(PROVIDED DATA begins)
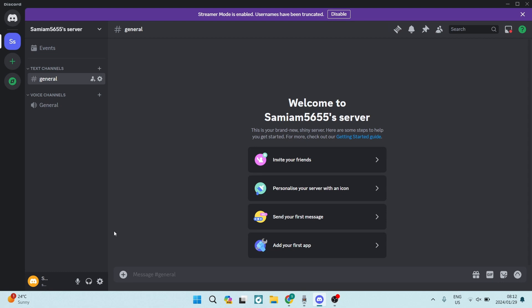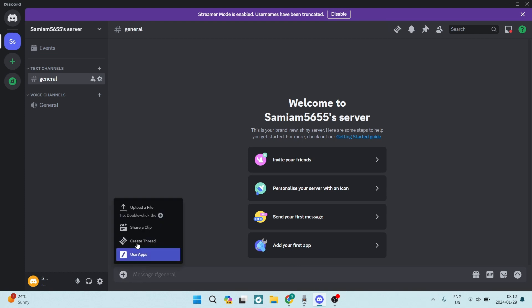Once we're in Discord, you can see that in your chat box at the bottom there is a plus sign. You're going to hit that, and you can see that it says upload a file.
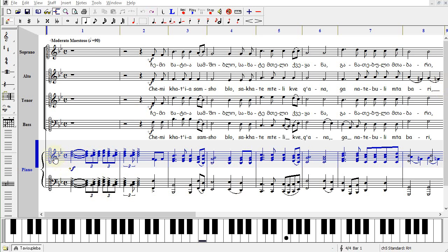Hello, this is Beth with Noteworthy Software. This video will cover the piano keyboard toolbar.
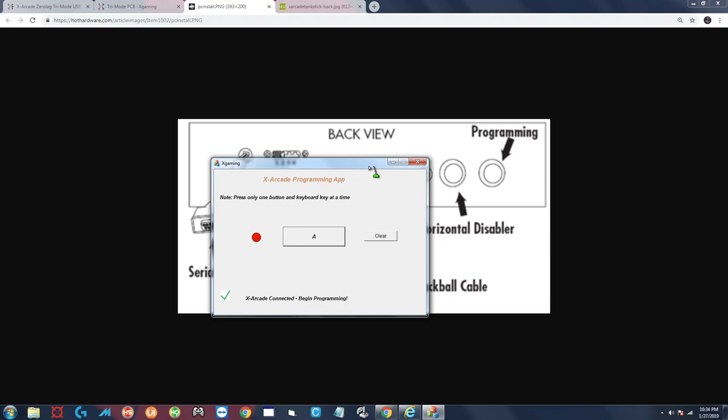For the next one I'm going to hold down the B, the letter B on the keyboard and that second button for player one. There you go, that circle turned green and that one is good to go. I'm going to do the next one letter C, and that one is good. Then D, good. E, good. F, good. Now basically you just do this with all of the buttons, your joysticks, and that is as simple as it gets. When you're done with all of the buttons...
(PROVIDED DATA ends)
### WORK INSTRUCTION
In the copy, include each line from the start of the material through the line with "Hello, this is", word for word, but none of the pictures.

### SOLUTION TO THIS EXERCISE
Once we're in Discord, you can see that in your chat box at the bottom there is a plus sign. You're going to hit that, and you can see that it says upload a file.
Hello, this is Beth with Noteworthy Software. This video will cover the piano keyboard toolbar.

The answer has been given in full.